A partir de então, milhares de brasileiros, para garantir a sua integridade física, não tiveram outro caminho a não ser, mesmo a contra gosto, o da clandestinidade. A orientação para aniquilar os opositores do regime partia de Washington e era cegamente seguida pelos militares golpistas. Não tendo mais como enfrentar o arbítrio e o terror por métodos pacíficos, muitos opositores optaram pelo exílio e outros pela luta armada, tanto no campo como na cidade.
Como amante da democracia, da liberdade e da soberania nacional, o então capitão Carlos Lamarca entendeu ser seu dever, como fiel cumpridor da disciplina e da hierarquia militar, se opor ao arbítrio, ao terror e à política anti-nacional e anti-popular implantados no País a serviço de interesses alienígenas. Ele cumpriu o seu dever de democrata e patriota, já que o poder instituído pela força era ilegítimo e contrário aos interesses nacionais.
Hoje, o quadro é bem diferente.
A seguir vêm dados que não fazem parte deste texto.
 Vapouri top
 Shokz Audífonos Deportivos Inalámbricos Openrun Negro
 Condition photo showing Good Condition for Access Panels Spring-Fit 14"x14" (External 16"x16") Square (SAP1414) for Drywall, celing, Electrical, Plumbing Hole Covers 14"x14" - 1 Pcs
As Forças Armadas e a Polícia Federal são instituições republicanas respeitadas pela sociedade porque agem de acordo com o que determina a Constituição democrática de outubro de 1988. Os seus membros estão conscientes de que não há mais espaço para aventuras, e que nenhum Lincoln Gordon – embaixador norte-americano que coordenou o golpe militar de 1964 – terá mais vez neste Brasil democrático. Por isso não aparecerá mais nenhum capitão para subtrair armas e munições de nenhum quartel. Os tempos são outros. Hoje se respira democracia neste País.
Mas todo cuidado é pouco porque a direita não está morta e tampouco se dará por vencida. Afinal tem em suas mãos os poderes econômico e midiático que são muito poderosos.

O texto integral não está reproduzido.